The task :: Only one stretch of the records below should be repeated. It starts with the line containing "aztec black jaguar with snake tattoo idea" and goes on through the line containing "Product Introduction of", exactly as written.

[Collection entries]

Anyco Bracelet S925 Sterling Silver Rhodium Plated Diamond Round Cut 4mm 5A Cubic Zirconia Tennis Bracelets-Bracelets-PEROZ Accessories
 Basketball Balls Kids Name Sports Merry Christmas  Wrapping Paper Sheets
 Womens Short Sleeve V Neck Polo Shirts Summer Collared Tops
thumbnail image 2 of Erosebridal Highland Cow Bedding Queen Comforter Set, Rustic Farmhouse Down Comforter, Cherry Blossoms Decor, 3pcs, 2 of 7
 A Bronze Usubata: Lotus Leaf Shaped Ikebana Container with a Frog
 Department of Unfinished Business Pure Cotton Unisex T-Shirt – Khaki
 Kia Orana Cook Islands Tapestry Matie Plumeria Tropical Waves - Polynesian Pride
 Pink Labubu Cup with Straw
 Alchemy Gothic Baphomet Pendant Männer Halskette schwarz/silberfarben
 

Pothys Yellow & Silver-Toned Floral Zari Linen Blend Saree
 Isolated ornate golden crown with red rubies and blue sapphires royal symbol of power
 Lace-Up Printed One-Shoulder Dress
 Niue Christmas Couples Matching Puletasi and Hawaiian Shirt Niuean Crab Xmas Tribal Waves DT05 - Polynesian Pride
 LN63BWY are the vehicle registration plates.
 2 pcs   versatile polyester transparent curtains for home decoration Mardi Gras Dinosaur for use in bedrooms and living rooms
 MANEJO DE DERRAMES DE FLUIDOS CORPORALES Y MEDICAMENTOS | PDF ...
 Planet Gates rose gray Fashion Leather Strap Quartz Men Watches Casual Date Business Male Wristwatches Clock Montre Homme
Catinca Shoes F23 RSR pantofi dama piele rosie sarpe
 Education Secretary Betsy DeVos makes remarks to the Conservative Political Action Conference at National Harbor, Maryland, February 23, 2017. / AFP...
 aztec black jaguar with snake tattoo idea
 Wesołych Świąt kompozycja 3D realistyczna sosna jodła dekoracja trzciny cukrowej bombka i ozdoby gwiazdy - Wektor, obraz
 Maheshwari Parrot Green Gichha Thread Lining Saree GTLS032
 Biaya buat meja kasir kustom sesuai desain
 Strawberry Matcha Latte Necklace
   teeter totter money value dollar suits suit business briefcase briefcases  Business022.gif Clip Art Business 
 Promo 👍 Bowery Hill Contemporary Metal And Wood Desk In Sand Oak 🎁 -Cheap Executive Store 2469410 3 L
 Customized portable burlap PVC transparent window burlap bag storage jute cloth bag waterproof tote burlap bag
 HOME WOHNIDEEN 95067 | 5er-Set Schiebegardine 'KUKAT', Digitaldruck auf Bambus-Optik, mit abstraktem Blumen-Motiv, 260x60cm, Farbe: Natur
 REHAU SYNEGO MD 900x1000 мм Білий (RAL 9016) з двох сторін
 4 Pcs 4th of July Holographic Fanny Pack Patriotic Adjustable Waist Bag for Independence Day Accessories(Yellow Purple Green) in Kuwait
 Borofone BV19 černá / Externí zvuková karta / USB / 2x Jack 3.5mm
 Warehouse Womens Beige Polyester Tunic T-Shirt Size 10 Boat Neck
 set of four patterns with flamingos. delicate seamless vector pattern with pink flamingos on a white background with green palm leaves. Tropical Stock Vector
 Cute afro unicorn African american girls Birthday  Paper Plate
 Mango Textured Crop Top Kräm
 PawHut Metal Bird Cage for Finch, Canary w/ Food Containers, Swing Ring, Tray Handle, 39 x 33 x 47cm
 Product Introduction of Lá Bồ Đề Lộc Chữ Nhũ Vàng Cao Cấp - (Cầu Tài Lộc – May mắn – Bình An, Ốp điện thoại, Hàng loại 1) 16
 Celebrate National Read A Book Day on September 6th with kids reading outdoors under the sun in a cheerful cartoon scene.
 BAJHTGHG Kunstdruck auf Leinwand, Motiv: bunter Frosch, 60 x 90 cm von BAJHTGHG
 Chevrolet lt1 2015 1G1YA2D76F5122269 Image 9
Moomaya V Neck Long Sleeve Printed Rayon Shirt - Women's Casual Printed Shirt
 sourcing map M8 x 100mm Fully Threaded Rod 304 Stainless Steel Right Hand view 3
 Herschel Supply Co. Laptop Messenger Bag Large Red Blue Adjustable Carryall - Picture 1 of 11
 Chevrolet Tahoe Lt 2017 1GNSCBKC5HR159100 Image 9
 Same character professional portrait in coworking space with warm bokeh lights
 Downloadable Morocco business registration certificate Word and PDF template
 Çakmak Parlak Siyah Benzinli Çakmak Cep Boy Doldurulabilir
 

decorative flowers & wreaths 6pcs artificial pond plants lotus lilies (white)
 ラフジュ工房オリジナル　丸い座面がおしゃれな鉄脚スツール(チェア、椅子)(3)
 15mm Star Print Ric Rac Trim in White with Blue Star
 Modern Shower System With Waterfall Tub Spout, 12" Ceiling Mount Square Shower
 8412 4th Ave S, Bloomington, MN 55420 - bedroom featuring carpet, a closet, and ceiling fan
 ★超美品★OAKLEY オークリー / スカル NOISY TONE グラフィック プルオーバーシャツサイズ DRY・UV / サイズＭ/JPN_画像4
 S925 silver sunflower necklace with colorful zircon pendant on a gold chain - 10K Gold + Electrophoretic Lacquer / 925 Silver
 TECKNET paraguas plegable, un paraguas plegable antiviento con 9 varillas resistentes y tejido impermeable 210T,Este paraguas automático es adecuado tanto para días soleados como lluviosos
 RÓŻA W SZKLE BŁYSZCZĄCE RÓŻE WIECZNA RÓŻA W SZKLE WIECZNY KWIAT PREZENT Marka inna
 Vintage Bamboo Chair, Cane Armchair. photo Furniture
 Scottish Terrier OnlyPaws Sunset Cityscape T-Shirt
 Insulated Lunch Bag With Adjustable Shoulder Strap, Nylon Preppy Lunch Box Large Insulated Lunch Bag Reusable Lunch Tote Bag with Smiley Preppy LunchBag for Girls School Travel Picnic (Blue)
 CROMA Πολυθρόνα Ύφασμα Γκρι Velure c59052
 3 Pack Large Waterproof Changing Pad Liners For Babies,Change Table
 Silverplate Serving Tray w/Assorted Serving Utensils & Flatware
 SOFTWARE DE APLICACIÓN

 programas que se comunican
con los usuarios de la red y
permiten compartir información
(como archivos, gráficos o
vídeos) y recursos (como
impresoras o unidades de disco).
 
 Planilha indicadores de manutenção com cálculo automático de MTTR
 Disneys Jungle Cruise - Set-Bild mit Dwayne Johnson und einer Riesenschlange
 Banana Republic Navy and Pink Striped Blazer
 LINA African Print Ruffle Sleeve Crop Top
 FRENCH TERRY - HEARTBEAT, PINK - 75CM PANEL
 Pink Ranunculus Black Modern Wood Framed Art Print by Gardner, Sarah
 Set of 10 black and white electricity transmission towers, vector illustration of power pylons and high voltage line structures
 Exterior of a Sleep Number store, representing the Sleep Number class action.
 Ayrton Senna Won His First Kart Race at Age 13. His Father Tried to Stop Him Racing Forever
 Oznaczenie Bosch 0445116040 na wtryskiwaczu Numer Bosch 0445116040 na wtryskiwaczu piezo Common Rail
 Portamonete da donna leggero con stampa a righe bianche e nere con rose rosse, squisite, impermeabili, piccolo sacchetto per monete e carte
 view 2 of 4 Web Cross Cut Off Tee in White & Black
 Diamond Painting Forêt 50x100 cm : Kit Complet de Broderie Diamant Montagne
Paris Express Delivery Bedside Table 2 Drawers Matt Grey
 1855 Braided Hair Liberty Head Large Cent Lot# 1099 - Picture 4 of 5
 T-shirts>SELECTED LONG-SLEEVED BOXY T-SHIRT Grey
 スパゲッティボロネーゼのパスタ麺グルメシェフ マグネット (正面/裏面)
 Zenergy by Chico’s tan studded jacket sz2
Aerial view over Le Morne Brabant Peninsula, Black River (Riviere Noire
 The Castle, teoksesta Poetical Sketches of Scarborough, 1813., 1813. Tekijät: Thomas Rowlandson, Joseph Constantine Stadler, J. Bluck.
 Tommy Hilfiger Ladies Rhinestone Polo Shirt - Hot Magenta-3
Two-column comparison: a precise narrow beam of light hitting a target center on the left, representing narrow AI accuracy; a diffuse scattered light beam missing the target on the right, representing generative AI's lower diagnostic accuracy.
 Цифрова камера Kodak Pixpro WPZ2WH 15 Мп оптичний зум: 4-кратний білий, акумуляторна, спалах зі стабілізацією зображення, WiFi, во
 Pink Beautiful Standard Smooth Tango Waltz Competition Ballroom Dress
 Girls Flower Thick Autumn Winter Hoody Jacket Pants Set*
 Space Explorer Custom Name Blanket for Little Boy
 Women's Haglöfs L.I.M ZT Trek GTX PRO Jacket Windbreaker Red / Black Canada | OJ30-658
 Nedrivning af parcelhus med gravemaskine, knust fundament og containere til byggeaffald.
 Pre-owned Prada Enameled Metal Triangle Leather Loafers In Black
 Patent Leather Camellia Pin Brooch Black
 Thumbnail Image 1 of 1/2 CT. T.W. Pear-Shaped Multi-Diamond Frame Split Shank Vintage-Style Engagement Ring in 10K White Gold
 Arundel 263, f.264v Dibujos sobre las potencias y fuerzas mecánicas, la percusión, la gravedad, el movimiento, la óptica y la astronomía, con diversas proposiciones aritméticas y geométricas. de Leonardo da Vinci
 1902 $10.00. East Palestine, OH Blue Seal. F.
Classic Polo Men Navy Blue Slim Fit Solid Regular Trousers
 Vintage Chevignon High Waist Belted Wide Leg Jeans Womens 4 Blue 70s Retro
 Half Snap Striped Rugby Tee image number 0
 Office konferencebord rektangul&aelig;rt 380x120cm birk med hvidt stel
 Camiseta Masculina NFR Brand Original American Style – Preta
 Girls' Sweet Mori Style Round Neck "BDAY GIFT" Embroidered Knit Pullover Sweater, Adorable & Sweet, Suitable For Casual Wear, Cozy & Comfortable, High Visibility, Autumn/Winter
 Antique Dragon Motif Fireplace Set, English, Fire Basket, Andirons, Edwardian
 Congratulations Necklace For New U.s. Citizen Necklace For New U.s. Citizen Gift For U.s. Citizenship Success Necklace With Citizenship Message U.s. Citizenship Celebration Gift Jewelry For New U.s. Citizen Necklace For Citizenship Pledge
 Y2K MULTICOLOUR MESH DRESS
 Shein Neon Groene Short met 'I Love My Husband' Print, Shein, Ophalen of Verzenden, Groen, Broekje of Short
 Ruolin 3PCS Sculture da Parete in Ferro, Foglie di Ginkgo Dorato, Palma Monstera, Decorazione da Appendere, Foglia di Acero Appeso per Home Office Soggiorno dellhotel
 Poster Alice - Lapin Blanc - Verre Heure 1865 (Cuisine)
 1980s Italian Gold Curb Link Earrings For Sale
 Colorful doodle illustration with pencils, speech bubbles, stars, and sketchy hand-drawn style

Exercise result ::
 aztec black jaguar with snake tattoo idea
 Wesołych Świąt kompozycja 3D realistyczna sosna jodła dekoracja trzciny cukrowej bombka i ozdoby gwiazdy - Wektor, obraz
 Maheshwari Parrot Green Gichha Thread Lining Saree GTLS032
 Biaya buat meja kasir kustom sesuai desain
 Strawberry Matcha Latte Necklace
   teeter totter money value dollar suits suit business briefcase briefcases  Business022.gif Clip Art Business 
 Promo 👍 Bowery Hill Contemporary Metal And Wood Desk In Sand Oak 🎁 -Cheap Executive Store 2469410 3 L
 Customized portable burlap PVC transparent window burlap bag storage jute cloth bag waterproof tote burlap bag
 HOME WOHNIDEEN 95067 | 5er-Set Schiebegardine 'KUKAT', Digitaldruck auf Bambus-Optik, mit abstraktem Blumen-Motiv, 260x60cm, Farbe: Natur
 REHAU SYNEGO MD 900x1000 мм Білий (RAL 9016) з двох сторін
 4 Pcs 4th of July Holographic Fanny Pack Patriotic Adjustable Waist Bag for Independence Day Accessories(Yellow Purple Green) in Kuwait
 Borofone BV19 černá / Externí zvuková karta / USB / 2x Jack 3.5mm
 Warehouse Womens Beige Polyester Tunic T-Shirt Size 10 Boat Neck
 set of four patterns with flamingos. delicate seamless vector pattern with pink flamingos on a white background with green palm leaves. Tropical Stock Vector
 Cute afro unicorn African american girls Birthday  Paper Plate
 Mango Textured Crop Top Kräm
 PawHut Metal Bird Cage for Finch, Canary w/ Food Containers, Swing Ring, Tray Handle, 39 x 33 x 47cm
 Product Introduction of Lá Bồ Đề Lộc Chữ Nhũ Vàng Cao Cấp - (Cầu Tài Lộc – May mắn – Bình An, Ốp điện thoại, Hàng loại 1) 16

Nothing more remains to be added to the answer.